Negative emissions are a gamble

The IPCC calculates that it will only be possible to limit global warming to less than 2 degrees Celsius by removing carbon dioxide from the atmosphere. But just how safe is deep-sea or underground carbon storage? Elke Bunge reports.

Carbon capture and storage is one possible way to remove carbon dioxide from the atmosphere. But experts warn that it is too risky. (Image credit: Richard Masoner, flickr/Creative Commons)

Carbon capture and storage is one possible way to remove carbon dioxide from the atmosphere. But experts warn that it is too risky. (Image credit: Richard Masoner, flickr/Creative Commons)

2016 became the first year in which global carbon dioxide concentrations atmosphere exceeded the critical mark of 400 parts per million (ppm).

Over the past few years, climate researchers have warned repeatedly that exceeding this mark would make it impossible to limit global warming to less than 2 degrees Celsius above pre-industrial levels. In other words: climate change is likely unavoidable.

Intent on averting this, the participating nations at the UN climate conference in Paris last December issued voluntary commitments to reduce their carbon dioxide emissions. The details of these are now being hammered out in Marrakech, Morocco.

But instead of focusing solely on dramatically reducing greenhouse gas emissions, many governments are contemplating carbon-reduction plans that will suck tonnes of carbon dioxide directly from the atmosphere and store it — a technology known as carbon capture and storage (CCS).

Technology still experimental

Scientists around the world are occupied with the problem of negative emissions. Using the latest technological means available, they are working to filter carbon dioxide out of the air and store it in saline solutions deep underground or in the seabed.

The carbon storage facilities themselves have to be located at a depth of at least 800 metres; only there is the pressure strong enough to compress the carbon dioxide.

But unlike propane or butane, CO2 cannot be liquefied. In thermodynamic terms, this means that the gas remains in a supercritical state.

In order to prevent any leakage, the storage containers would have to be sealed with a gas-impermeable material — a cost-intensive, technologically complex process. For now at least, no one has yet to find a satisfactory solution to this.

Researchers expect that these as-yet experimental technologies will be ready to store carbon dioxide safely in the next 15 to 20 years.

Germany, for instance, has an estimated storage capacity of 20 billion tonnes of CO2, making it possible to store emissions from all German power stations for up to 50 years.

Shifting the problem to future generations

But critics of the technology see it otherwise; for them, it’s merely shifting the problem to future generations.

In a recently published study, authors Kevin Anderson from the University of Manchester and Glen Peters from the Center for International Climate and Environmental Research in Oslo (CICERO) warn against the unforeseeable dangers of CCS technology.

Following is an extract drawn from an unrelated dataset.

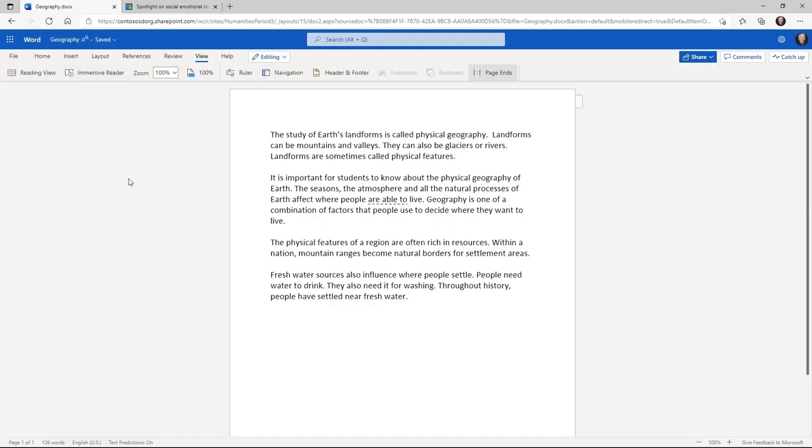This is not only free in Word for the web, it's built into Microsoft Teams, OneNote, Flipgrid, Forms and many others. It's even built into our Edge browser.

Apart from the fact that carbon dioxide could re-enter the atmosphere after a certain period of time as a result of cold-water geysers or other causes, outgassing could also carry toxic heavy metals from the rocks into the groundwater.

And in Norway, the practice of inserting CO2 for the production of oil and natural gas has already triggered seaquakes.

“Negative emission technologies are not an insurance policy,” said Professor Anderson.

“They are a high-risk gamble with tomorrow’s generations, particularly those living in poor and climatically vulnerable communities, set to pay the price if our high stakes bet fails to deliver as promised.”